I suppose I feel in a varietal mood these days.  With a prior post about storm clouds, I move on to... BANJOS!  Read on for why I care about banjos (p.s. I also care about pedal steels).  Frank Fairfield is a phenomenal current player with a very old-timey sound:

Ed Helms, star of The Office and The Hangover is also a banjo fanatic.  Confession: I listened to the O, Brother Where Art Thou soundtrack for years before actually seeing the film.  Alison Krauss became an idol and I learned all of the real verses to "You Are My Sunshine."  Really quite a sad song.  It also began a lifelong love for real down-home bluegrass.  You ask, Where am I going with this? 

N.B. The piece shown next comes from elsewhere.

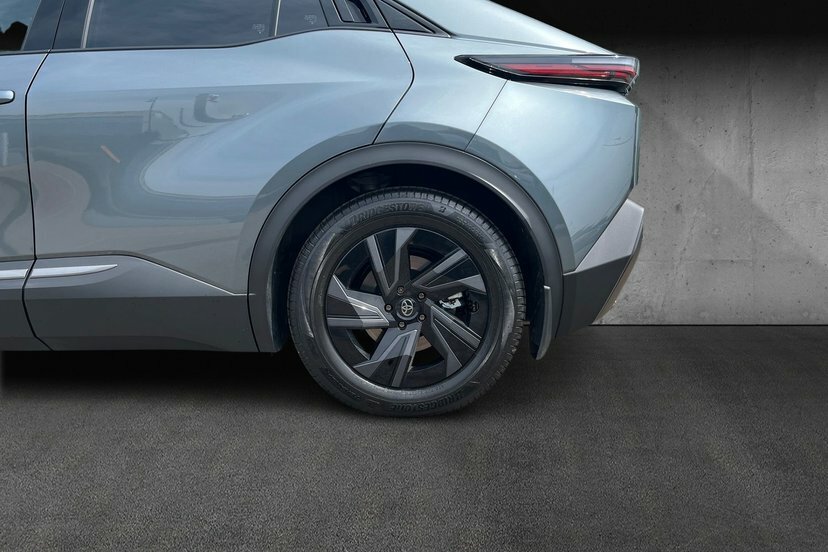 Toyota C-Hr 77Kwh Excel Suv 224 Ps DE26TRX Black #5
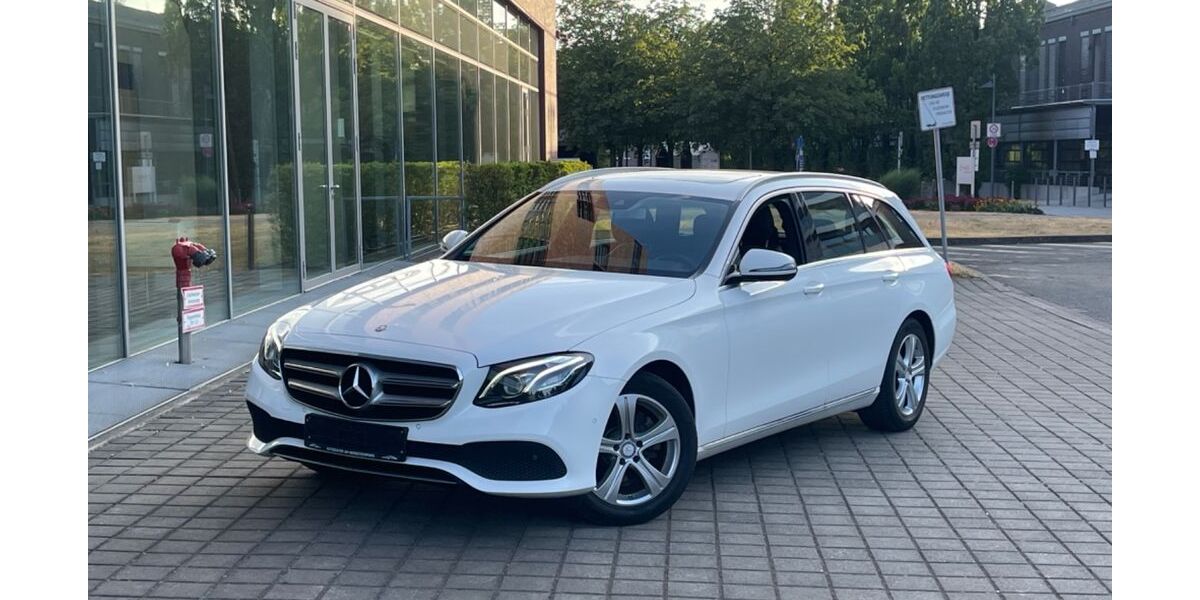 Mercedes-Benz E 220 133.000 km 20.700 &euro; Gelsenkirchen 45899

Anyone who may have read THIS POST might have some insight into my love for the film, True Grit.  Directed by the Cohen Brothers, the soundtrack by Carter Burwell is a different take on a theme similar to O, Brother Where Art Thou (to my delight).  Burwell built orchestral variations on traditional American spirituals, making them very much his own.  Hear some songs and hear Burwell talk about the process HERE.  It also meant the listening to the original arrangements gave me a few more songs to sing while playing along with the four chords I can actually play on the guitar.

Anyways, the reason I felt the need to talk to you about this is that the movie came out on DVD/Streaming/BlueRay what have you and the second time around was just as good as the first.  I still love the music.  Carter Burwell was snubbed by the Oscars because the score was not built around original compositions.  What he does with the music, however, is innovative and beautiful and I believe takes the melodies to both literal and much more abstract places.  To further prove this point, while nosing around youtube, I came upon some videos that caught my ear.

Here is the film version of one of the songs, "Talk About Suffering":

Here is Doc Watson's version (and a few other songs); "Talk About Suffering" starts around 3:20:

And another beautiful version, with some instrumental accompaniment:

Beyond composing the orchestral accompaniments, Burwell frequently arranged minor variations on melodies in the major scale and vice versa.  Basically, the movie is great, the soundtrack is beautiful, and I am grateful to expand my Americana, traditional, spiritual musical vocabulary.  Another major base to the score, I very much recommend a listen to "Leaning on the Everlasting Arms."

I hope you now love banjos just a little bit more.  Bisous.